Friday, December 26, 2014

Gabriel Popkin: it’s a great time to be a native tree in an American city

Article

The Opinion Pages | Op-Ed Contributor New York Times
Cities as Havens for Trees

By GABRIEL POPKIN DEC. 25, 2014

MOUNT RAINIER, Md. — PITY our urban trees — wild, forest-dwelling species imprisoned in tight spaces, drawing water and nutrients out of poor, shallow soil and enduring endless assaults from vehicles, pollution and power company chain saws. Wouldn’t these trees be better off in a remote forest somewhere?

Surprisingly, not always. Down the street from where I live in this suburb of Washington is an Eastern hemlock that is the picture of health. This tree, at least 50 feet tall and perhaps 100 years old, bears a thick plumage of needles that shades the yard where the tree grows and an adjacent pocket park. In spring, the tree’s cascading branches were tipped with delicate light-green new growth and thousands of tiny seed-bearing cones.

Sadly, it’s getting hard to find a hemlock in such good shape in any forest in Maryland. Or, for that matter, in Virginia, North Carolina, New Jersey, Connecticut and large parts of the many other Eastern states that are infested with a tiny but deadly insect called the hemlock woolly adelgid.

Scientists believe this insect arrived in the last century on a shipment of nursery trees from Japan. Adelgids drain sap from hemlocks’ needles, which can weaken them and, in nearly all cases, eventually kill them. The insect weighs almost nothing and spreads easily by bird, mammal or wind. Each adelgid can have between 50 and 300 offspring, and with two generations per year, infestations proliferate quickly. Few if any Eastern hemlocks have shown resistance to the adelgid.

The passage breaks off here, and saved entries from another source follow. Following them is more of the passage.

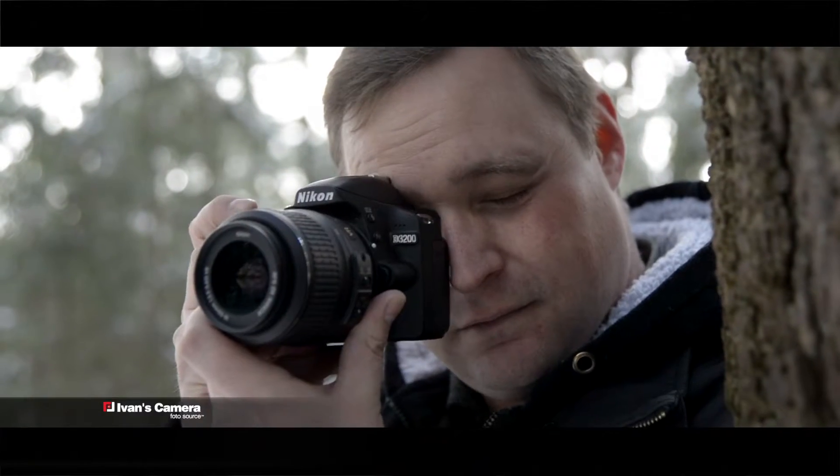You don't have to be intimidated by DSLRs like the D3200. It has all the ease of a point-and-shoot camera, but with a bit more flexibility in your adjustments, so you can capture all the best moments.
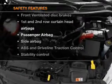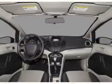rest assured knowing that these top safety components are included: front ventilated disc brakes, passenger airbag, side airbag,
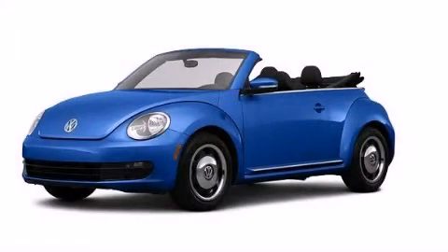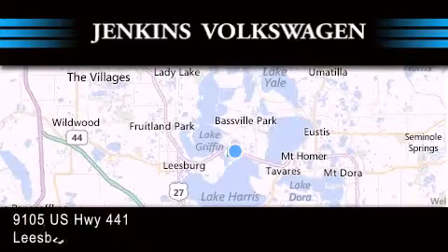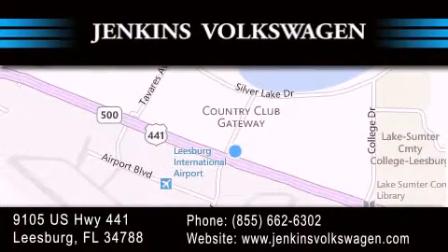Contact us today to arrange your test drive. Jenkins Volkswagen of Leesburg is conveniently located at 9105 U.S. Highway 441 in Leesburg. Contact us to find out about our financing specials or visit us at JenkinsVolkswagen.com.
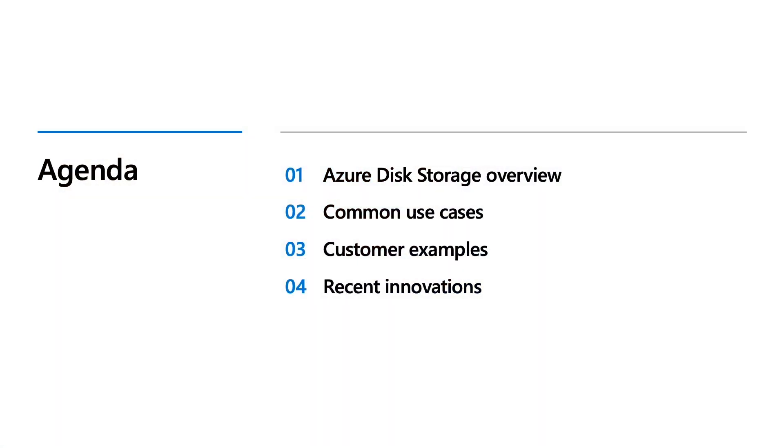Hi all. Welcome to Azure Storage Day. This is our session on block storage. My name is Sirius Kutian. I'm a Principal Program Manager on Azure Storage. In this session, I'll go over how Azure Disk can help address a broad range of your workload needs on the cloud. I will also talk about our latest innovations and show a couple of cool demos.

Fortunately for my neighborhood hemlock, an adelgid has to drift in from elsewhere and land directly on a tree to start an infestation — an event far less likely for an isolated tree than one in a vast hemlock grove. I sometimes wander up to the park and check the undersides of the hemlock’s needles for the telltale white fluff the adelgid makes to protect itself and its eggs. So far, I haven’t found any. One might say the tree has found safety in lack of numbers.

Human-dominated places have become, for some species, safer habitats than the unpopulated areas we’ve set aside to preserve nature. This would have been hard to imagine 150 years ago, when this area was farmland, and nearly every tree had been cleared. Today, the farms are gone, and many residents plant and nurture trees in their yards. City governments also plant trees — mostly native ones — in parks and along roads. In many ways, it’s a great time to be a native tree in an American city.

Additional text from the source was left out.